> _Goal of the exercise_:
Without any pictures, print exactly the lines that run from the start of the data through the line containing "Electricity pylon on field against sky".

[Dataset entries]
== Segment start ==
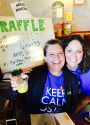Jen Lopez, TC Visitors Bureau and Laura Jennings, Century 21 taking tickets at the door of the Leadership Tuolumne 2017 Foster Kids Fundraiser at the Sheriff's Posse Clubhouse.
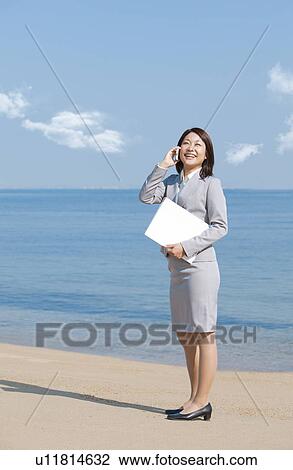 Young woman on cell phone View Large Photo Image Stock Image - Young woman on cell phone. Fotosearch
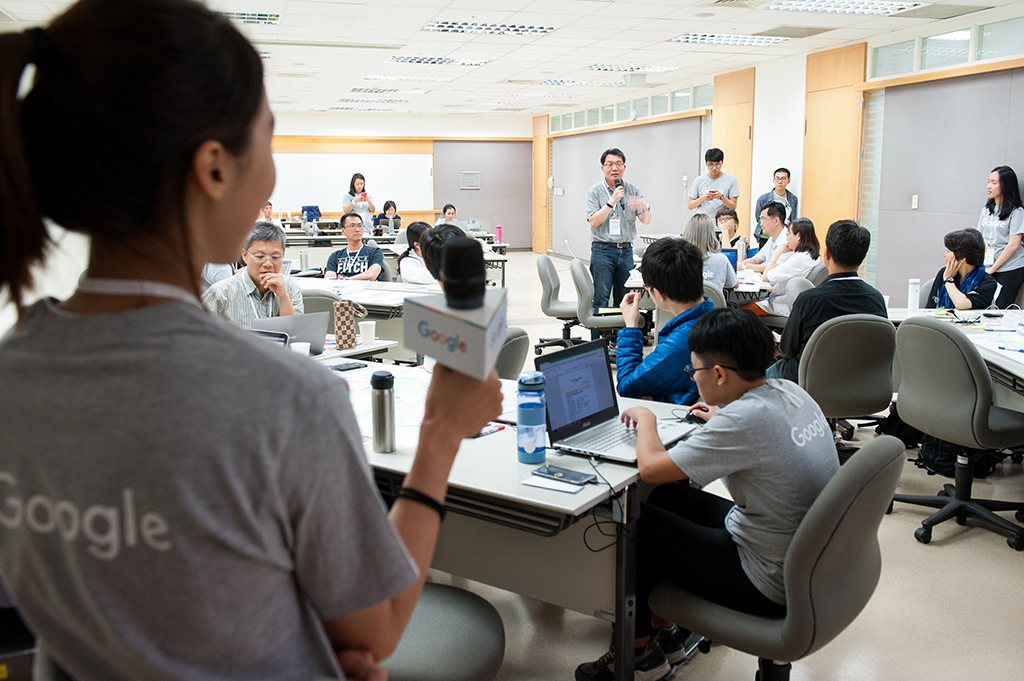 A Google instructor working with participants in a small classroom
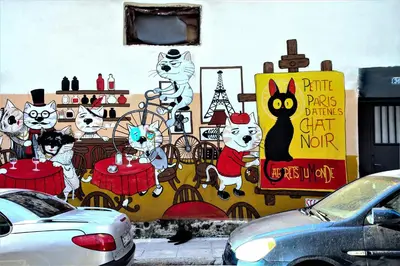 a mural of cats on the side of a building at Dimosthenis_loft2 in Athens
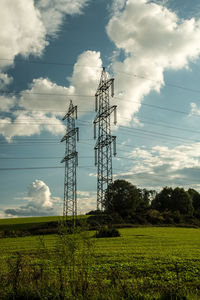 Electricity pylon on field against sky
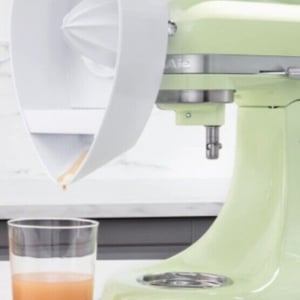 A green kitchen gadget stand mixer with an attached pouring shield dispensing liquid into a glass.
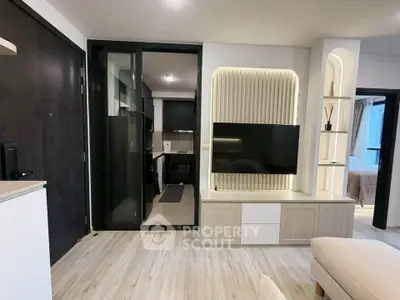 Modern living room with sleek TV unit and open kitchen layout in stylish apartment.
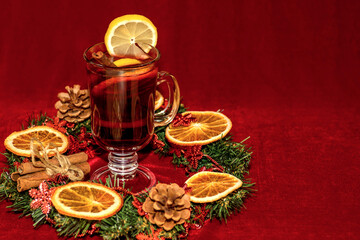 inter drink. Cherry mulled wine in a beautiful mug in the middle of a Christmas wreath on a red background.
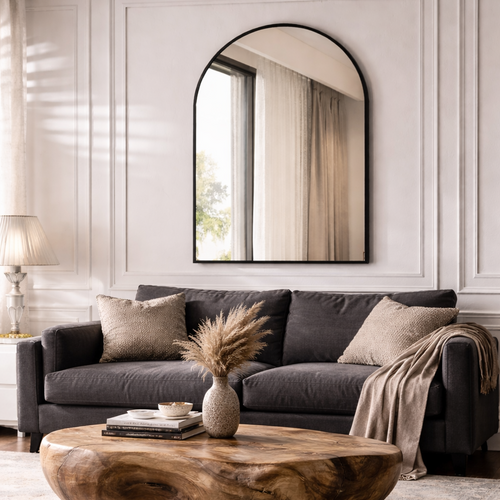 Living room with a gray sofa, wooden coffee table, and decorative mirror.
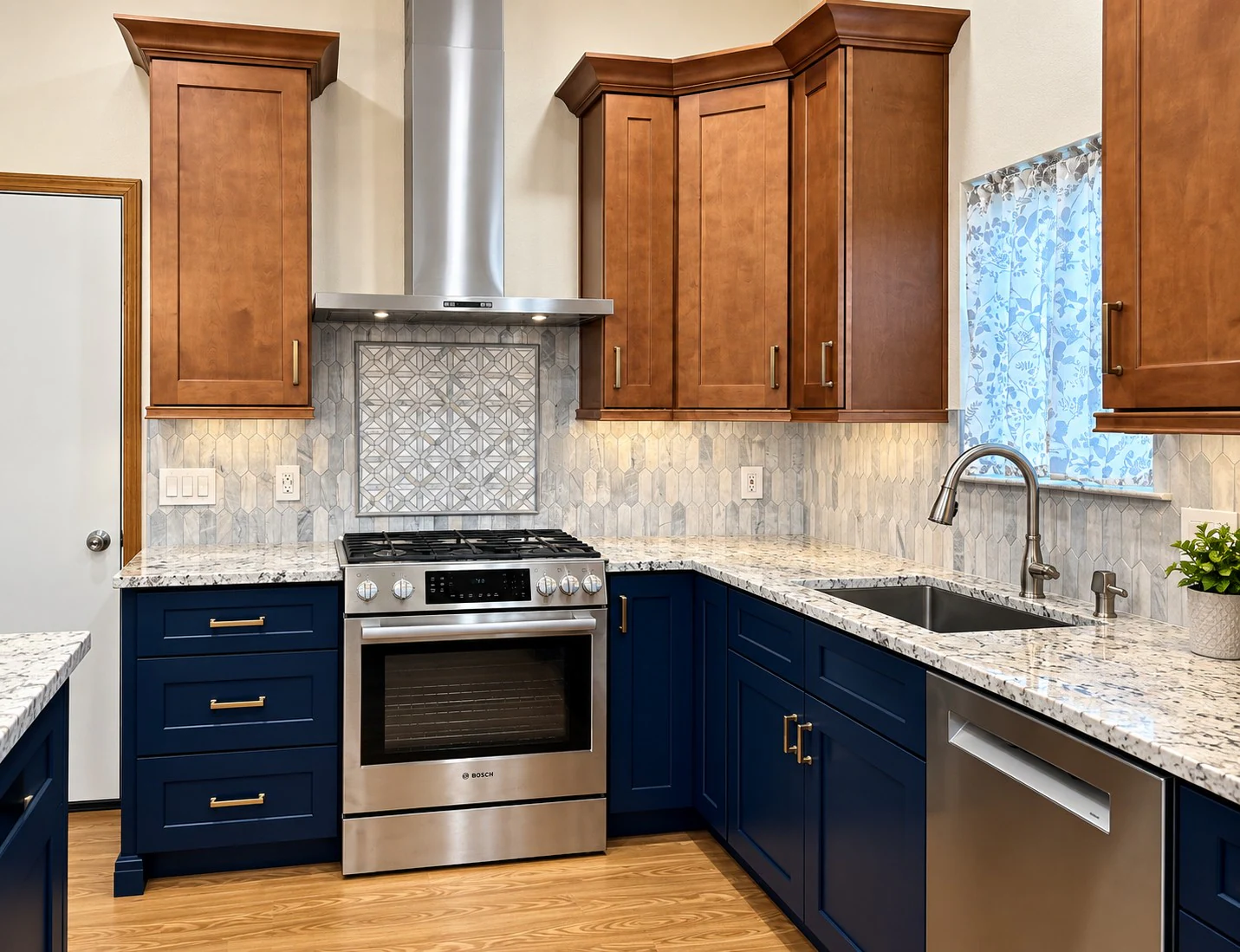Range and hood framed by wood upper cabinets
== Segment end ==
> _The answer_:
Jen Lopez, TC Visitors Bureau and Laura Jennings, Century 21 taking tickets at the door of the Leadership Tuolumne 2017 Foster Kids Fundraiser at the Sheriff's Posse Clubhouse.
 Young woman on cell phone View Large Photo Image Stock Image - Young woman on cell phone. Fotosearch
 A Google instructor working with participants in a small classroom
 a mural of cats on the side of a building at Dimosthenis_loft2 in Athens
 Electricity pylon on field against sky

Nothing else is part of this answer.